Producer of the Sarasota Chalk Festival
Avenida de Colores, Inc. was founded in 2010 by Denise Kowal as a 501(c)(3) nonprofit corporation, based in Sarasota, Florida in the United States. The corporation produced the Sarasota Chalk Festival, a cultural event designed to celebrate the sixteenth century performance art of Italian street painting.

==First international street painting festival in the U.S.==

In 2010, Avenida de Colores coordinated the first international street painting festival in the United States, called the Sarasota Chalk Festival. The festival had notable Guinness World Record holders Edgar Mueller from Germany, Leon Keer from the Netherlands, and Tracy Lee Stum from the USA. Genna Panzarella, the first woman to receive Italy's honorable Maestra Madonnari title at the International Grazi di Curtatone competition, participated as well as Vera Bugatti, who also holds the Maestra Madonnari title. Maestro Madonnaro Edgar Mueller created a 100' x 40' 3D street painting that is the first known contemporary street painting that metamorphosed from one image to another with the change from day to night because the painter used photoluminescent paints. The Sarasota Chalk Festival was also the first street painting festival to have a Halloween theme for the artist's work as well as three oversized 3-D installations, one of which incorporated a two-point perspective.
==Sarasota Chalk Festival History==

As president of the Burns Square Property Owners Association, Inc., in 2007, Kowal founded a nonprofit corporation, the Avenida de Colores Chalk Festival, a street painting festival held on South Pineapple Avenue in the downtown Sarasota historic area known as Burns Square. Only twenty-two artists participated in this first festival.
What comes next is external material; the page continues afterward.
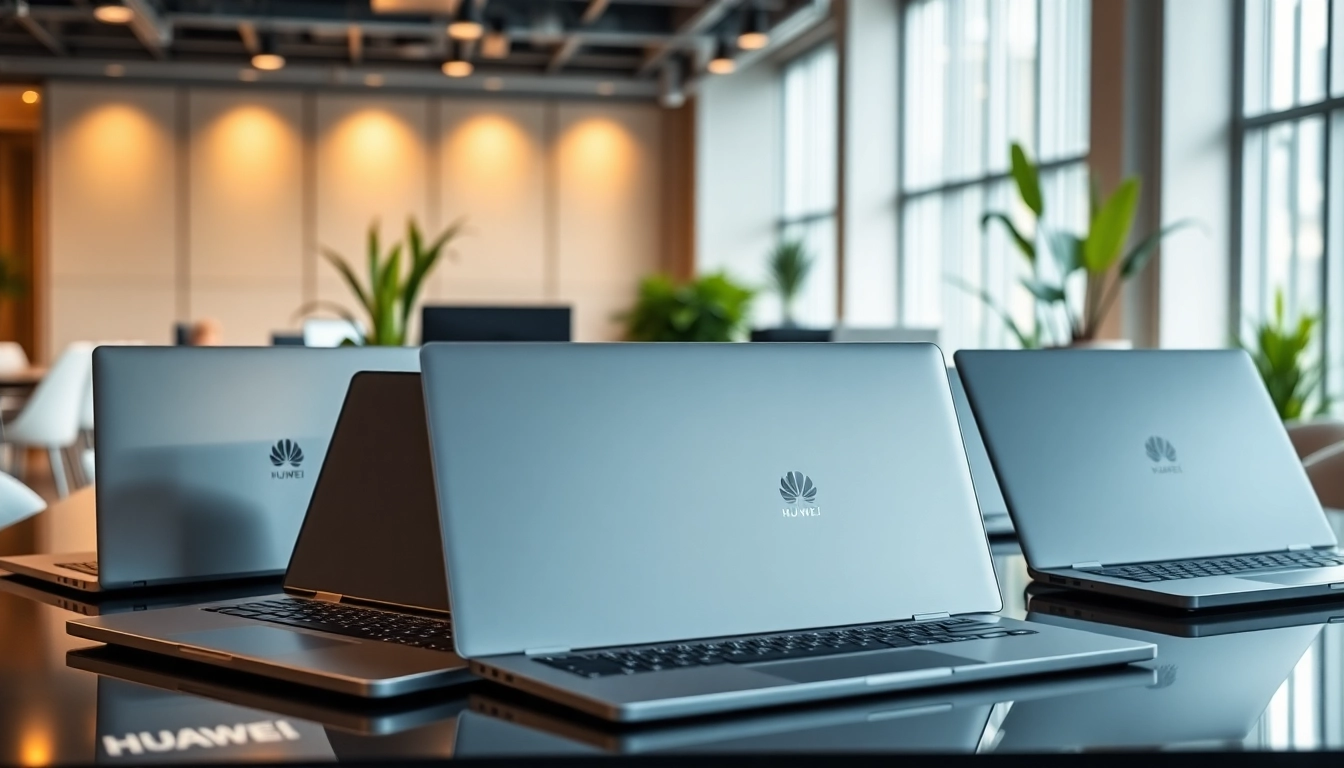 Comparativa de laptops Huawei destacando sus características de diseño y rendimiento.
Lori Escalera, a leading modern Madonnari from the USA was the only professional street painter who participated.

In 2009, the second Avenida de Colores Chalk Festival was held with approximately one hundred street painters participating, who were from across the USA, and more than two hundred local stage performers.

In 2010, the Burns Square Property Owners Association relinquished the Avenida de Colores Chalk Festival to the Avenida de Colores corporation. The street painting festival was renamed the Sarasota Chalk Festival.

The festival has since been relocated to Venice (also in Sarasota County).